Quoting two American presidents in his speech – Franklin D. Roosevelt and Abraham Lincoln – Duterte vowed to confront the biggest problem facing the Philippines: “erosion of faith and trust in government.”
“Resulting therefrom, I see the erosion of the people’s trust in our country’s leaders; the erosion of faith in our judicial system; the erosion of confidence in the capacity of our public servants to make the people’s lives better, safer and healthier,” he noted, arguing he would address this through stern law-and-order responses to government corruption and crime.
He also assured those who did not vote for him through a beloved aphorism: “I have no friends to serve. I have no enemies to harm.”
The Philippine Star, in multiple articles, commended Duterte for giving a speech that “veered away from profanities.” Duterte developed a reputation during his presidential campaign for speaking crudely about criminals, the media, and anyone he considered to be hurting the Philippine state. To criminal “sons of bitches,” he repeatedly vowed, “I will kill you.”

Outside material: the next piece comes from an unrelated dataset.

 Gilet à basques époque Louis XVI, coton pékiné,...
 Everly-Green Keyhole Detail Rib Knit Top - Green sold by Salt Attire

The Star notes that Duterte’s rise to head of state is the mark of a new era in Philippine politics. Columnist Dindo Manhit notes the significance of Duterte, a mayor from the southern, poverty-stricken part of the nation, defeating political insiders in a nation where the surnames Marcos and Aquino can often carry someone through a full political career.
“Duterte’s rise can be understood as part and parcel of a broader collapse of barriers-to-power, which is transforming politics both in the Philippines and internationally,” Manhit writes. “All over the world, ‘micropowers,’ whether individuals, firms, or states, have found ways to undermine established players that previously served as the gatekeepers of power.”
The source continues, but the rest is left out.